DeWalt DWS520 Track Saw

DeWalt DWS520 Track Saw Review

Track saws have been around for a while but haven’t seemed to have hit the mainstream yet with many carpenters. But as avid track-saw fans we want to spread the word about these versatile, time-saving tools. We recently had the opportunity to see how the three major players in the track saw market stack up. Here we’re going to concentrate on the DeWalt DWS520 Track Saw.

Value of Track Saws

The beauty of track saws is that you simply line up the track with where you want to cut, and as long as the track is on the finish side of the work piece, the cut will run precisely along the edge of the track, with almost no splintering or tear out. Pre-scoring is only needed in the case of critical cross-cuts or where keeping a clean edge on the waste side is required. They are also excellent tools for solo carpenters especially those who don’t like wrestling full 4×8 sheets of ply onto a table saw.

 DeWalt DWS520 Track Saw Kit Includes:

  • DWS520 Heavy-Duty TrackSaw
  • 6-1/2″ (20mm arbor size)
  • 48-Tooth Ultra Fine finishing Blade
  • Blade wrench
  • 59″ Track
  • Kit Box

Product Features:

  • Zero clearance TrackSaw cutting system delivers precise, straight, splinter-free cuts
  • For use with TrackSaw dual-edged tracks for perfectly straight cuts in both directions
  • On-track cut depth: 2-1/8” (54mm) @ 90°, 1-5/8″ (41mm) @ 45º;
  • Depth scale accurately indicates exact depth of cut accounting for track thickness
  • 12A, 1300W motor
  • Continuous Anti-Kickback mechanism and riving knife prevent kickback
  • Low profile blade guard for confined spaces
  • Straight Plunge Mechanism for optimal ergonomics
  • Universal 1-1/4″ Dust Port for 90% efficient dust collection with vacuum

DeWalt DWS520 Track Saw  Specs:

  • Power:                                  12 amps, 1300 watts
  • No Load Speed:                  1750 – 4000 rpm
  • Blade Diameter:                 6-1/2 inches (165mm)
  • Bevel Capacity:                   47 degrees
  • Max Cut at 90 degrees:      2-1/8 inches
  • Max Cut at 45 degrees:      1-5/8 inches
  • Tool Weight:                        11.5 pounds

DeWalt DWS520 Track Saw

First impression:

The DeWalt DWS520 is a very solid feeling tool with clean castings and very good fit and finish with excellent ergonomics, arguably the best in our tests. The handle is very comfortable with a lot of over-mold for a nice grip.  DeWalt struck a nice balance here, the handles are big and wide enough for someone with larger hands but not so thick as to pose a problem for someone with smaller hands.

The design of the DeWalt track is different from other track saws on the market.
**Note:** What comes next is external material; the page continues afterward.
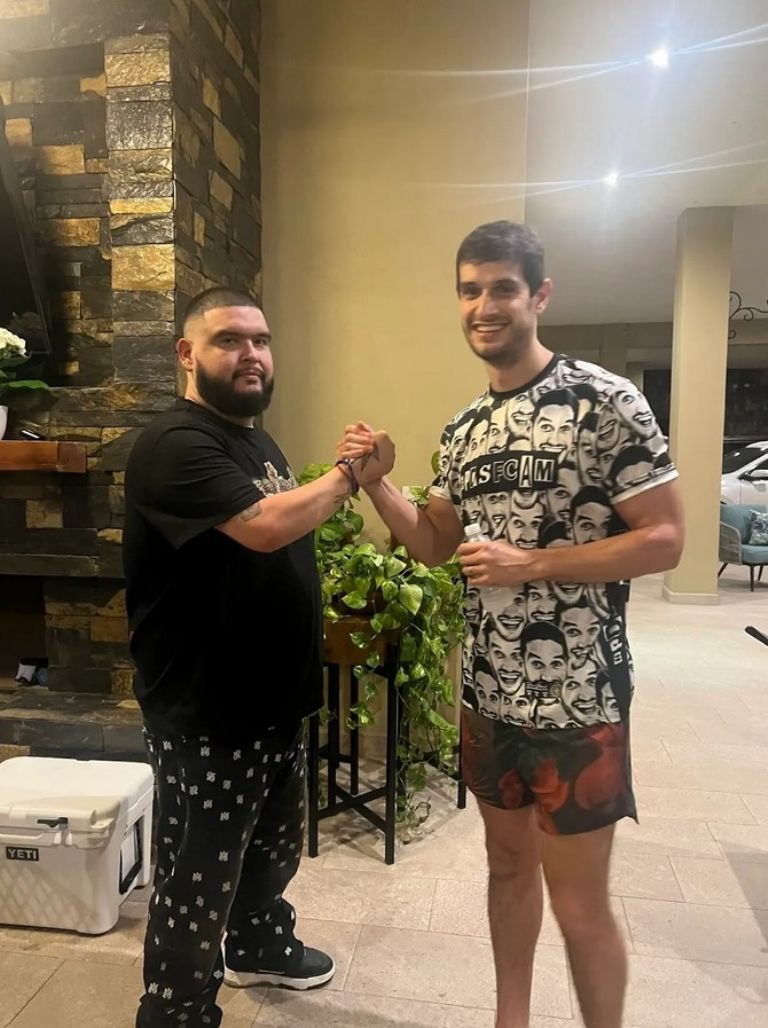 Adrián Marcelo reaparece tras salir de LCDLFM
With a single guide rail in the middle of the track and two anti-splinter guards, one on either side. The solid feel of the tool is understandable given that at 11.5 lbs the Dewalt is the heaviest saw in the test.
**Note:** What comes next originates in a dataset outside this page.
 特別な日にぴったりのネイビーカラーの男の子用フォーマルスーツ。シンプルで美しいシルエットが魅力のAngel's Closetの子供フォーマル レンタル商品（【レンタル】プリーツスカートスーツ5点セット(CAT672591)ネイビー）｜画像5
The side of the blade housing is low profile, very flat and even has low friction strips on it allowing close cuts on finish materials without scratching them up and reducing risk of binding the saw. The high-quality stock blade is designed for finish cuts and so it takes a little longer to cut but gives really amazing cut quality with edges that are ready for assembly or glue-up with no sanding needed. One of the rare times when the stock blade is actually worth keeping on the saw, as it provides excellent finish cuts.
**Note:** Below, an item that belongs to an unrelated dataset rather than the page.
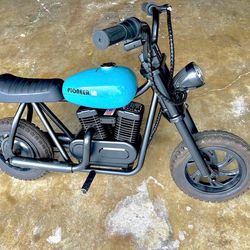 Hyper Gogo Pioneer 12 Kids Electric Motorcycle (needs repair)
We were impressed with the safety of this tool, DeWalt is arguably the safest track saw on the market. It has both a riving knife and a unique anti-kickback device which is integrated into the base of the saw. When engaged this cam mechanism will catch and grip the rail at the center of the track if the saw starts to travel backwards, helping mitigate kickback.

Power Cord:

The cord is a generous 12 feet. Allowing the use of the saw without an additional extension cord assuming you’ve already got power to the work area. The cord protector exits the saw perpendicular to the cut line and track which makes it much less likely to get caught on the back of the track.

Dust Collection:

We liked that the 1-¼” dust port swivels but was stiff enough that it will stay where you put it keeping the hose out of the way during long rips in plywood and trim stock. The port accepted 1-¼” hose snugly and without any adapters needed. Also a 1-⅞” vac hose will fit over the outside of the dust port.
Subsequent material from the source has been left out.